The holidays are a stressful time for businesses. While some are fighting their way through a holiday rush, others try to keep revenues flowing and costs covered through a slowdown as clients and employees go on holiday. For business owners, though, that isn’t everything. Employees face serious stress of their own, as they attempt to manage their finances, holiday plans, and work and family obligations.
Whether businesses are dealing with a holiday slump or a rush, they need their employees as engaged as possible during the holidays. Moreover, they need those employees to be fresh-faced and ready to go in the first week of January. To do that, business owners need to do whatever they can to keep employee stress low, and morale high. Often, that means finding ways to deal with the additional stress of the season, while also taking steps to reduce unnecessary stressors.
Understand employee priorities
Managing employee morale is about understanding the relationship between workers and their business. As in any relationship, communication matters, and miscommunication is dangerous. Before leaders can take steps to improve morale, it’s important to understand the perspective of the people they’re attempting to communicate with.
For example, a business that has suffered a blow to morale due to budget cuts, layoffs, or anemic holiday bonuses might be especially in need of a boost. A well-meaning business owner might try to lift everyone’s spirits by throwing a big holiday bash, or perhaps sponsoring a raffle with valuable prizes. Attending workers would likely see this as a financially irresponsible use of funds in light of the personal toll that tough times had taken on them. Any action that business leaders take needs to take their business’, and their employees’ current situation into account.
Getting the holiday party right
Businesses frequently opt to host a holiday party as a way to give employees a chance to mingle and unwind in an otherwise stressful time. It’s a great opportunity to make everyone feel appreciated, and to hand out holiday gifts or bonuses. However, holiday parties need to be approached with care if they’re to be a success.
Don’t make parties mandatory
Employees have a lot going on during this time. While a party might be what most of your team needs, others might have family obligations, or aspects to their role that make it difficult to attend. Making attendance at your party mandatory won’t benefit them, and could breed resentment that might influence other employees. A party should be a gift freely given to those who will enjoy it, without strings attached for those who won’t.
Don’t go overboard
Party planning is a great creative outlet that might offer some employees a lot of joy, but it’s important not to overdo it. Involving too many people, or making the event too elaborate might distract workers from their work, and ultimately leave them further behind, and more stressed, than they would have been without a party. Instead, both planning and execution should ideally be managed as efficiently as possible so as to minimise the additional strain put on those organising the event.
Help employees manage stress
Businesses can’t simply let employees slack off just because they suddenly have other obligations to see to and holidays to plan.
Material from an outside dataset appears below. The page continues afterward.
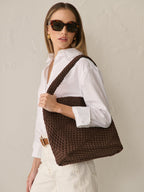 Layla Woven Shoulder Bag - Brown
However, that doesn’t mean they can’t help employees to balance their combined social and work responsibilities. During the holidays, more than any other time, flexible working arrangements can make a very big difference. That means allowing workers to work at irregular times and places as needed, whether that means working from home, showing up on a weekend, or even dropping in at night.
This gives people that crucial time they need to go holiday shopping during the day, to attend their kids’ holiday events, or to make that all-important trip to visit the in-laws instead of blowing it off for work. Not only will this ultimately help to reduce stress, it’ll also eliminate the need for difficult choices that would otherwise result in unnecessary absenteeism and lost productivity.
Ultimately, keeping morale high is about keeping employee stress under control, and making them feel understood. They need to know that their employer is aware of the stress they’re under, and is working to help them rather than making their lives even more complicated. By offering moral support in this way, businesses can lend their workers a sense of security that will limit their stress levels, and help to build a sense of solidarity and loyalty in their teams.